:: Exercise details ::
Please repeat, from the entries that follow, the lines from the one containing "FYUAN Korean Style" through the one containing "Small Youth Maverik" exactly, adding nothing.

:: Study material ::
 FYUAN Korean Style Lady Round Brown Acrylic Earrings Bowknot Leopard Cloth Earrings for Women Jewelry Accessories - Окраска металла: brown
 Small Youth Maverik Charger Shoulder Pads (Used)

* * *

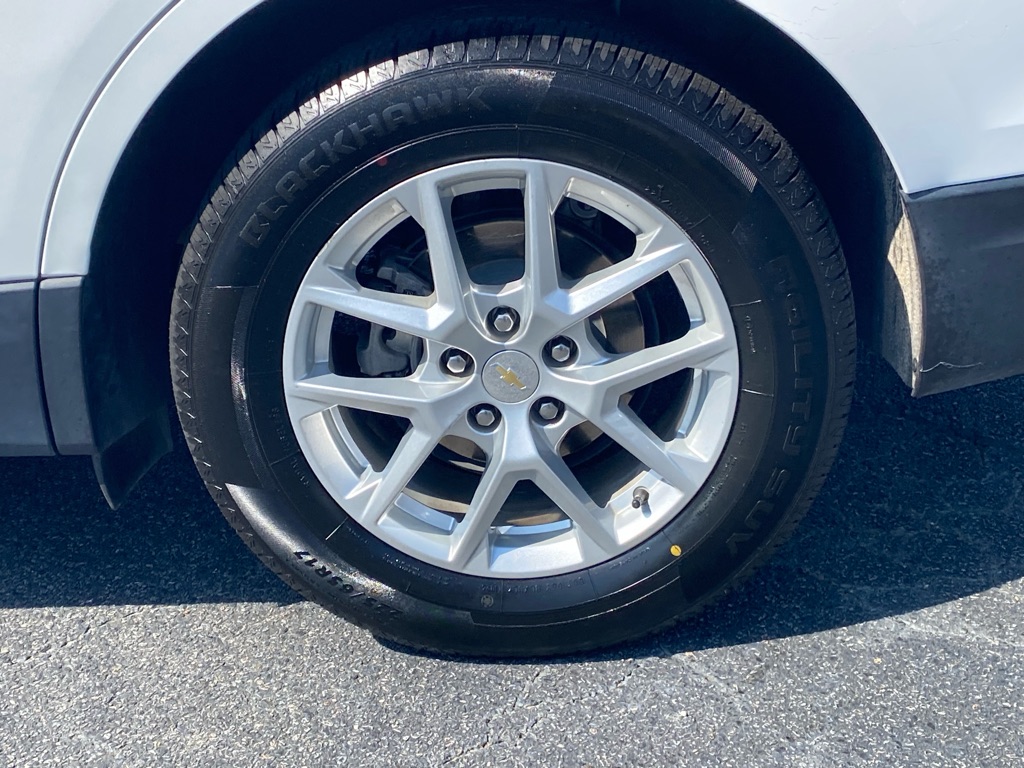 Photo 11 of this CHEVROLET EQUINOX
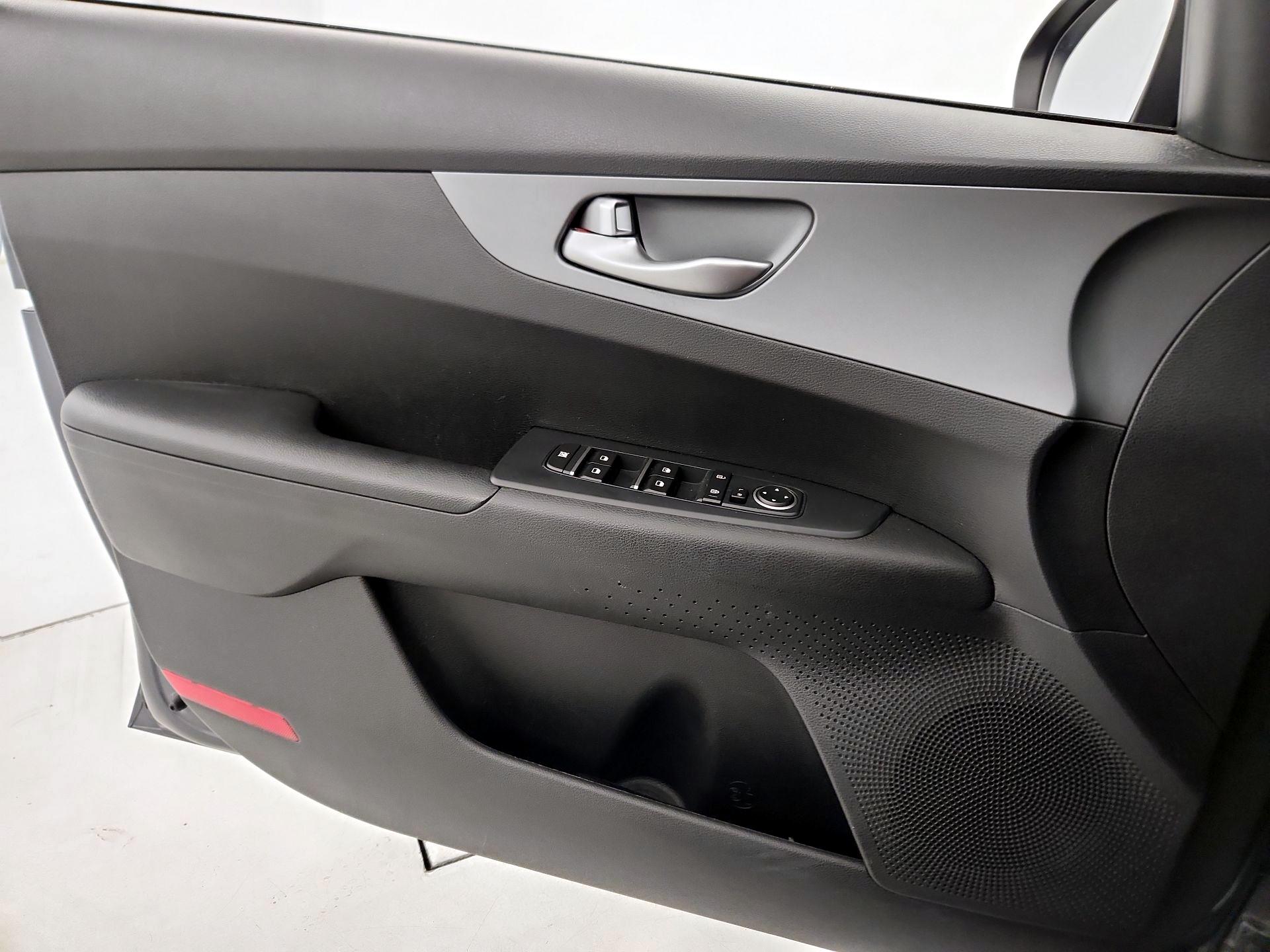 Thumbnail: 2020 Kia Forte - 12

:: Solution to the problem ::
 FYUAN Korean Style Lady Round Brown Acrylic Earrings Bowknot Leopard Cloth Earrings for Women Jewelry Accessories - Окраска металла: brown
 Small Youth Maverik Charger Shoulder Pads (Used)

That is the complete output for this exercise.